Interpolation/Extrapolation/Splines

[Michael Steinberg]

Hi! I'm sorry for stressing you with this, but I had some problems when looking for infos for my work in mathematics.
The title is "Interpolation/Extrapolation", subtitle "Spline-curves". Now, when I looked through the internet, one mentioned Bezier-Splines, another one Bezier-Curves etc. Now, is a Bezier curve a special case of splines, or are there Bezier curves AND bezier curves?

Can anyone recommend me a tutorial where I can read about the theory of Spline and Bezier-Splines not about the actual implementation?

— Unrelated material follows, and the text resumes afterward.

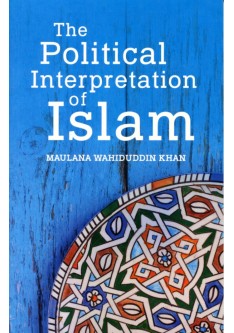 THE POLITICAL INTERPRETATION OF ISLAM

I know that this is a bit unrelated, but any answers are highly appreciated! Thanks!
Michael

[Michael Steinberg]

After looking another few minutes through the online material, it gets more confusing. One guy shows an example where the spline curve goes through the given control points, where the other guy shows an example where the curve does not go through the control points.
I get the feeling that the word "spline" does not mean anything different than "any kind of curve".

[Elixer]

Well, the Catmall-Rom (sp?) spline is the one that goes through all control points. Wait, actually, I think there are some others that do it to, like hermite and koch something or another ). Bezier splines don't go through all the control points though. There are like 7 or 8 different versions of Bezier, all with different names. It really depends if what you need with them, and what properties you need. (For example Bezier curves have a convex hull defined by control points, Catmull-Rom doesnt)

As for reference, I remember this stuff from Computer Graphics principles and practice (otherwise known as the bible for gfx guys )
Maybe you can look up stuff by Foley, vandam, and I forgot the other guys. Sorry.

[Michael Steinberg]

Well, I'd need any interpolative splines, and I would suppose that are the ones that go through the points. So far I saw hermite splines( p(t) = [x(t),y(t)] ), explicite splines ( y=f(X) ). Implicite splines seem to be very unpractical. I'll look for your authors! Thanks Elixer!
If there's a book which covers all interresting types, I would buy that as well! Any ideas? Thanks!

[XBCT]

Hi!
Michael: Do you do this work for a "Facharbeit"?
I´m just asking ´cause I thougt about doing Bezier stuff for my "Facharbeit" ´cause I already implemented them in my Q3 clone so it wouldn´t be too much work....

Greets, XBTC!

[Michael Steinberg]

Yes, XBCT, it's for my "Facharbeit". After all I came to the conclusion, that bezier spline don't belong to my topic, since they don't interpolate. They would have to go through the "Stützpunkte" to interpolate.
What topic do you have XBCT?

[Michael Steinberg]

Hey, you wrote your own nick incorrectly!

[martin_marinov]

Hi,
The common definition for spline has nothing to do with interpolation/aproximation. A spline is a continius function defined over sequence of sucessive knots[t0,t1,..tn], which is piecewize polynomial and has a fixed defgree of continuity equal to the degree of the polynomials.
The simple Bezier curve is a polynomial curve, and thus is a only a very limited spline - curve; The composite Bezier curve is a another example of a spline curve, although it is not a optimal one in term of continuity.
It's a well known fact, that the spline functions give one of the best methods to doing interpolation/aproximation of numerical (point) data. The so called NURBSplines are the most commonly used basis functions for calculating spline curves, although there some different approaches mainly in subdivision area.
If you wish to know more about spline function, you better read one book in numerical methods or/and computational science. I haven't seen any good guide in the web for that . If you wish to see some algorithms for calcuating/displaying NURBS curves, I can send you some from my university "Facharbeits" .
Regards (Gute Wuenschen
Martin

[Michael Steinberg]

K, what I currently think is, that all splines which go through the control points, are interpolative. Any kind of bezier splines doen't belong to this class. I will most probably buy a book this week, but I'm not too sure about which one. Which books will cover Interpolation, and will the ones always cover splines? Which part of mathematics is it?

Thanks!
Michael

[Michael Steinberg]

Oh, the resource our teacher provided has a word on splines.
It sais a spline is defined with these criterias:

1. It interpolates the controlpoints
2. It is identical to a polynom of maximum 3rd degree between two control points
3. It min. two times differencible (well, to the hell with english...)

That article also has a word that interpolation would be equal to finding a function which will go through the control-points. So, since bezier splines don't go through the controlpoints (most times), the can't be splines. What is it all about. Are there many different definitions out in the world? That is driving me to hell.